I don’t think there is a more polarizing holiday than Valentine’s Day. For some it’s the most romantic day of the year. For others it’s the loneliest. I want to let the lonely people know that its ok. It’s just a day of the year where chocolate sales spike. That’s it. You shouldn’t need a holiday to express how much you love a person.
The point I’m trying to get across is you need to be able to love yourself before anyone else can love. If you’re looking for relationship because you think that is the missing piece that will automatically turn your life around then you don’t understand how a lasting relationship works. If I have a girlfriend I will be happy. This is simply not true. A girl doesn’t want to be tasked with the responsiblity of trying to make your miserable life happy. She wants to be a part of your happy life. Relationships should be viewed as a piece of your life not half of it. Work on improving your own life. Focus on your goals in life, on your career, on bettering yourself as a person. Eventually the opposite sex will take notice.
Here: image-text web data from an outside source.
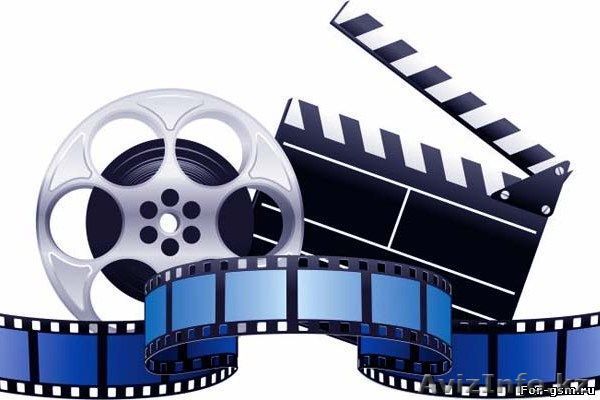 Видеомонтаж оперативно - Изображение #1, Объявление #1240958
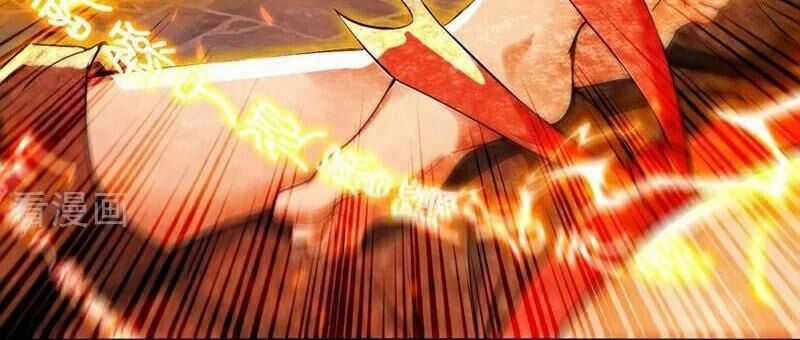 Thập Đại Đế Hoàng Đều Là Đệ Tử Của Ta Chapter 385 trang 90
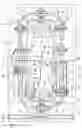 Fig. 02 - Apparatus for surface treatment of articles, and treatment process feasible by said apparatus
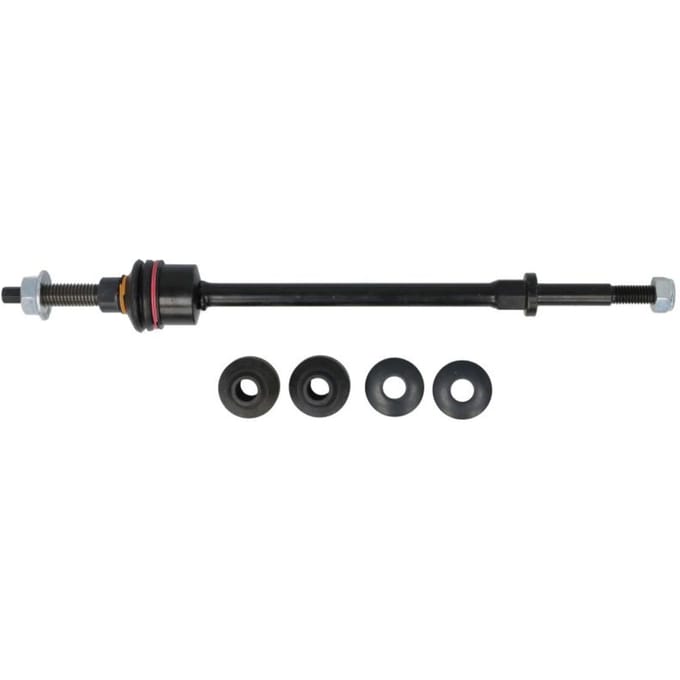 Stabilisatorstang VAICO V33-0098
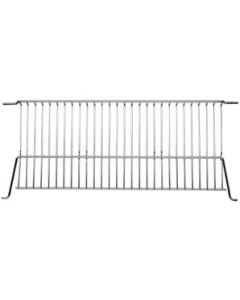 Genuine Outback replacement warming rack fits all Excel model BBQ's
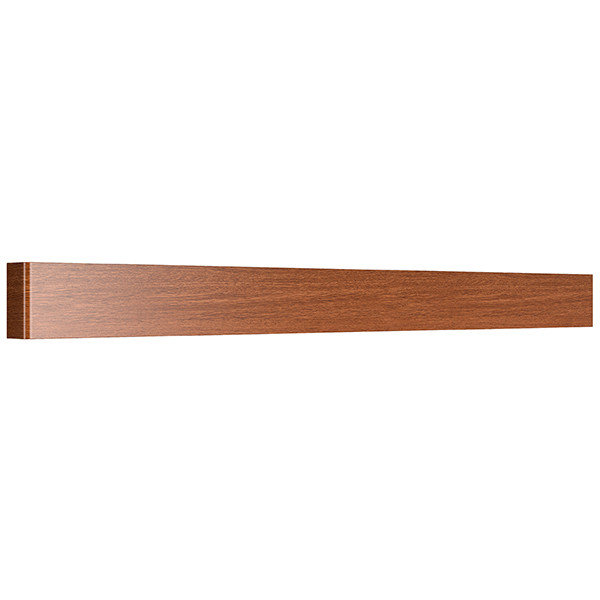 Бра Lightstar 810638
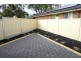 18 Crozier Terrace, Oaklands Park SA 5046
As soon as I discovered this I started noticing it was everywhere around me. From what I’ve observe the people in the most successful relationships both have goals, hobbies, and aspirations that are separate from their significant others. The people whose only goal in life is to get married before their friends are typically seen on Facebook writing about how their boyfriend/girlfriend is the greatest in the world. I’ve also noticed that boyfriend/girlfriend seems to change every month. The people in successful relationships? Barely post anything. They realise that they don’t need to tell the world they love each other. They already know they love each other. They don’t need confirmation or reaffirmation from their peers that they are in love.
I think we get it.
I’m not trying to bash people. It’s just my simple observation of what I see in my life. Life is a journey. There are other important things in life besides being in a relationship. It’s not the end all to life and it certainly doesn’t equate to happiness. Just look at the divorce rates. Don’t invite me to the wedding. Invite me to the 50th Anniversary. I want to see the couple that put the work in to maintain the relationship. Everybody can get married. It doesn’t take skill. It just takes a drunken night in Vegas. I hope this will help out some people who are feeling a little lonely today.